Scouts have panned the college hitter class regularly since the outset of the spring, with the movers including rare middle-of-the-diamond performers such as Virginia center fielder Adam Haseley and North Carolina shortstop Logan Warmoth and corner bats such as Kentucky first baseman Evan White, Louisville third baseman Drew Ellis and Arizona first baseman J.J. Matijevic.

That leaves riskier preps, especially pitchers and tooled-up outfielders, who are expected to flood the draft roughly from picks 20-75. North Carolina prep lefty MacKenzie Gore and Texas righty Shane Baz might have played their way into the top 10, and outfielders Jordon Adell (Louisville, Ky.) and Austin Beck (Lexington, N.C.) might have done so as well.

But there might not be much separation between Adell, Beck and athletic high school outfielders such as Alabama’s Bubba Thompson, Puerto Rico’s Heliot Ramos, Georgia’s Drew Waters and New York’s Quentin Holmes. Each offers high risk but also high rewards, so most top evaluators expected those players to start hearing their name called in the supplemental round, when teams start having their second and third selections.

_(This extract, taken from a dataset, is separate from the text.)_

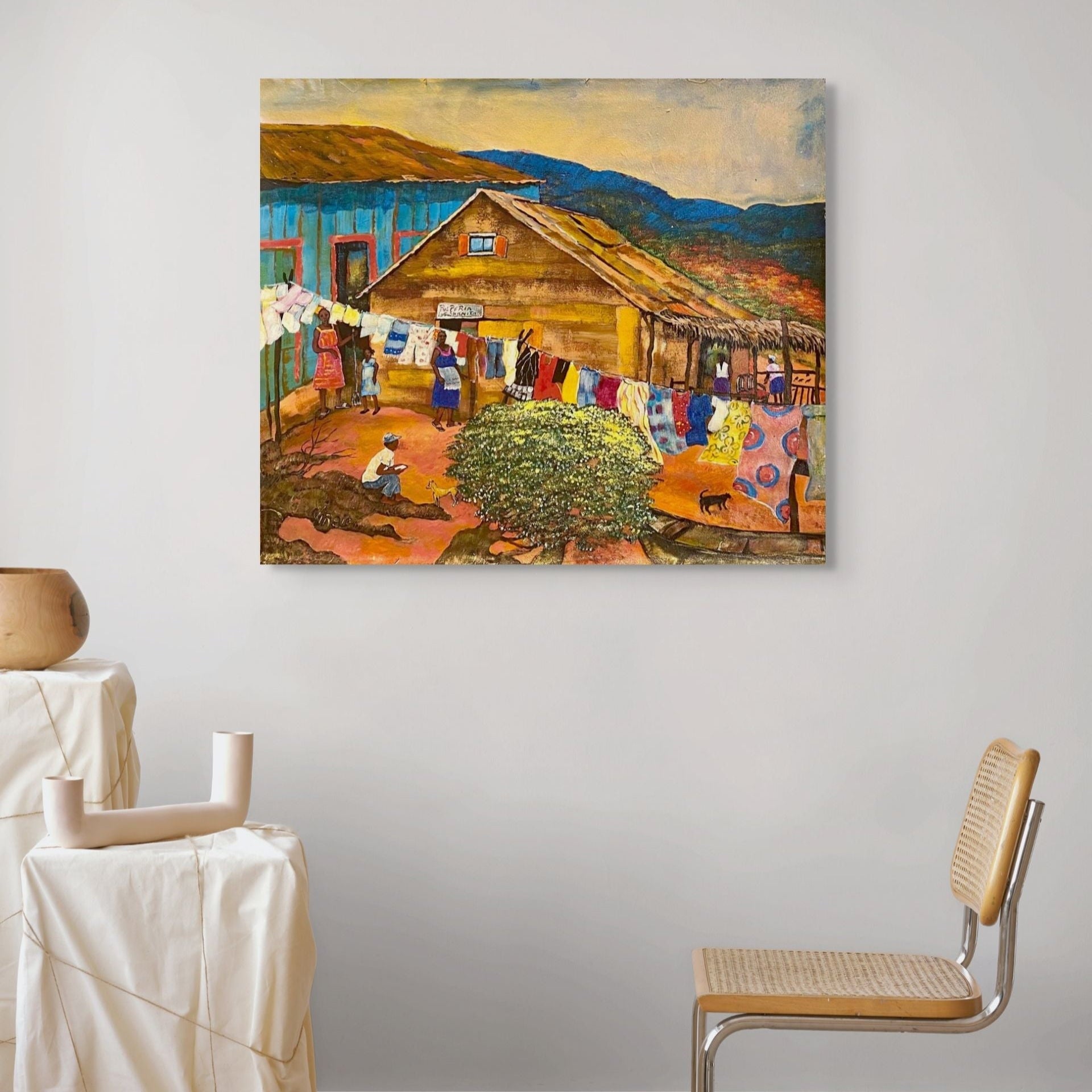 Painting of a rustic scene with a barn and people hanging laundry, displayed on a wall in a room with a chair and table.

The old Paul Snyder axiom rules the prep pitching class; the former Braves scouting director used to tell his scouts, “You need 10 to get two (to the majors).” This class has that kind of depth, with lefthanders D.L. Hall (Alabama) and Trevor Rogers (New Mexico) heading a solid crew of lefthanders. The pool of prep righthanders includes pitchers of various stripes, from hard-throwing Minnesotan Sam Carlson to Californians such as Matt Sauer and Hans Crouse to projection plays such as Louisiana’s Blayne Enlow and Alabama’s Tanner Burns.